Task statement:
Each record that follows is to be reproduced verbatim.

Entries supplied:
--------------------

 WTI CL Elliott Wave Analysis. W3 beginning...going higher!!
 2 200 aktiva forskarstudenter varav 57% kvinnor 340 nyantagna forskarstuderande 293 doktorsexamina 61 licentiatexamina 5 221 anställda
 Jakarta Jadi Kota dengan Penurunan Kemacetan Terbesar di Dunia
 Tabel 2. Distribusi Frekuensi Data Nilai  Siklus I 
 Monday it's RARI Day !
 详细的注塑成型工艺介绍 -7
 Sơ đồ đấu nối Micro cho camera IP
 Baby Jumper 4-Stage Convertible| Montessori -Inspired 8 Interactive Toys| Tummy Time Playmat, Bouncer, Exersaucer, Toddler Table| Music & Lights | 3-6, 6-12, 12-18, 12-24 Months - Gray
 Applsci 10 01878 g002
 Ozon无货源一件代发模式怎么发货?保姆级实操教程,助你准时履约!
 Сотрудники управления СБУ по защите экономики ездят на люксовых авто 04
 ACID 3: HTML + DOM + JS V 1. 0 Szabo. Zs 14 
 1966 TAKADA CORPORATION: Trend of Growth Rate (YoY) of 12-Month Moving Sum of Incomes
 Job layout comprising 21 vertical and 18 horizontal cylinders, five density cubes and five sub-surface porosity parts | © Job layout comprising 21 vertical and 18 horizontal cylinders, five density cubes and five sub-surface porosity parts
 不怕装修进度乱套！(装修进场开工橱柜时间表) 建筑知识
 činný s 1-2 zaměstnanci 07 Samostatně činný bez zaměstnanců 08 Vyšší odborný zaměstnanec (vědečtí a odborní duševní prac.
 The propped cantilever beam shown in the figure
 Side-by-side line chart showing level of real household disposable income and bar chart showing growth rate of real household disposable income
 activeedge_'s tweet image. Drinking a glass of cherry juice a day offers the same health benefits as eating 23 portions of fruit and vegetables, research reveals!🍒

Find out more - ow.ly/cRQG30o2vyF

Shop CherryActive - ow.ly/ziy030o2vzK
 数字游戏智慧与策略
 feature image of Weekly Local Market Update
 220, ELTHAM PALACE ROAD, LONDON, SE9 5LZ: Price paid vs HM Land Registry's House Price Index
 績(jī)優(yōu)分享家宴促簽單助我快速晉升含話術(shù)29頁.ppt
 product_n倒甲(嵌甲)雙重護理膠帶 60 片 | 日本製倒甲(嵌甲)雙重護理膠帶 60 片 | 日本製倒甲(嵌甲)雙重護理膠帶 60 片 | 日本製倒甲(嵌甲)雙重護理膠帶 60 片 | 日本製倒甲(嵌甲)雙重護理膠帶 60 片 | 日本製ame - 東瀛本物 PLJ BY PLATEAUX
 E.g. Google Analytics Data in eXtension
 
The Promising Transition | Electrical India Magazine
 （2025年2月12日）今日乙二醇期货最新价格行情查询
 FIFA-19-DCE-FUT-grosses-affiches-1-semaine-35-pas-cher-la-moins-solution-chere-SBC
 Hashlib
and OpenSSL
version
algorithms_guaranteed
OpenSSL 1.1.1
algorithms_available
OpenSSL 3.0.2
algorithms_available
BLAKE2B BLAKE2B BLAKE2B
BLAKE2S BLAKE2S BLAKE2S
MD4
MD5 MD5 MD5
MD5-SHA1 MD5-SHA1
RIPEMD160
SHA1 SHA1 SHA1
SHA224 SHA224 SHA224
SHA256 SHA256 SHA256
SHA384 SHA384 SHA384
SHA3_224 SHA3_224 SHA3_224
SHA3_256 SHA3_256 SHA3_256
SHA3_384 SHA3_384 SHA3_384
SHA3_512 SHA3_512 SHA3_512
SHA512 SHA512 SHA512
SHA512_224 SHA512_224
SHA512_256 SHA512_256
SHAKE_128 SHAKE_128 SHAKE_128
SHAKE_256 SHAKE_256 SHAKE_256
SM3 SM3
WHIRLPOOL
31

--------------------

Solution for this exercise:
 WTI CL Elliott Wave Analysis. W3 beginning...going higher!!
 2 200 aktiva forskarstudenter varav 57% kvinnor 340 nyantagna forskarstuderande 293 doktorsexamina 61 licentiatexamina 5 221 anställda
 Jakarta Jadi Kota dengan Penurunan Kemacetan Terbesar di Dunia
 Tabel 2. Distribusi Frekuensi Data Nilai  Siklus I 
 Monday it's RARI Day !
 详细的注塑成型工艺介绍 -7
 Sơ đồ đấu nối Micro cho camera IP
 Baby Jumper 4-Stage Convertible| Montessori -Inspired 8 Interactive Toys| Tummy Time Playmat, Bouncer, Exersaucer, Toddler Table| Music & Lights | 3-6, 6-12, 12-18, 12-24 Months - Gray
 Applsci 10 01878 g002
 Ozon无货源一件代发模式怎么发货?保姆级实操教程,助你准时履约!
 Сотрудники управления СБУ по защите экономики ездят на люксовых авто 04
 ACID 3: HTML + DOM + JS V 1. 0 Szabo. Zs 14 
 1966 TAKADA CORPORATION: Trend of Growth Rate (YoY) of 12-Month Moving Sum of Incomes
 Job layout comprising 21 vertical and 18 horizontal cylinders, five density cubes and five sub-surface porosity parts | © Job layout comprising 21 vertical and 18 horizontal cylinders, five density cubes and five sub-surface porosity parts
 不怕装修进度乱套！(装修进场开工橱柜时间表) 建筑知识
 činný s 1-2 zaměstnanci 07 Samostatně činný bez zaměstnanců 08 Vyšší odborný zaměstnanec (vědečtí a odborní duševní prac.
 The propped cantilever beam shown in the figure
 Side-by-side line chart showing level of real household disposable income and bar chart showing growth rate of real household disposable income
 activeedge_'s tweet image. Drinking a glass of cherry juice a day offers the same health benefits as eating 23 portions of fruit and vegetables, research reveals!🍒

Find out more - ow.ly/cRQG30o2vyF

Shop CherryActive - ow.ly/ziy030o2vzK
 数字游戏智慧与策略
 feature image of Weekly Local Market Update
 220, ELTHAM PALACE ROAD, LONDON, SE9 5LZ: Price paid vs HM Land Registry's House Price Index
 績(jī)優(yōu)分享家宴促簽單助我快速晉升含話術(shù)29頁.ppt
 product_n倒甲(嵌甲)雙重護理膠帶 60 片 | 日本製倒甲(嵌甲)雙重護理膠帶 60 片 | 日本製倒甲(嵌甲)雙重護理膠帶 60 片 | 日本製倒甲(嵌甲)雙重護理膠帶 60 片 | 日本製倒甲(嵌甲)雙重護理膠帶 60 片 | 日本製ame - 東瀛本物 PLJ BY PLATEAUX
 E.g. Google Analytics Data in eXtension
 
The Promising Transition | Electrical India Magazine
 （2025年2月12日）今日乙二醇期货最新价格行情查询
 FIFA-19-DCE-FUT-grosses-affiches-1-semaine-35-pas-cher-la-moins-solution-chere-SBC
 Hashlib
and OpenSSL
version
algorithms_guaranteed
OpenSSL 1.1.1
algorithms_available
OpenSSL 3.0.2
algorithms_available
BLAKE2B BLAKE2B BLAKE2B
BLAKE2S BLAKE2S BLAKE2S
MD4
MD5 MD5 MD5
MD5-SHA1 MD5-SHA1
RIPEMD160
SHA1 SHA1 SHA1
SHA224 SHA224 SHA224
SHA256 SHA256 SHA256
SHA384 SHA384 SHA384
SHA3_224 SHA3_224 SHA3_224
SHA3_256 SHA3_256 SHA3_256
SHA3_384 SHA3_384 SHA3_384
SHA3_512 SHA3_512 SHA3_512
SHA512 SHA512 SHA512
SHA512_224 SHA512_224
SHA512_256 SHA512_256
SHAKE_128 SHAKE_128 SHAKE_128
SHAKE_256 SHAKE_256 SHAKE_256
SM3 SM3
WHIRLPOOL
31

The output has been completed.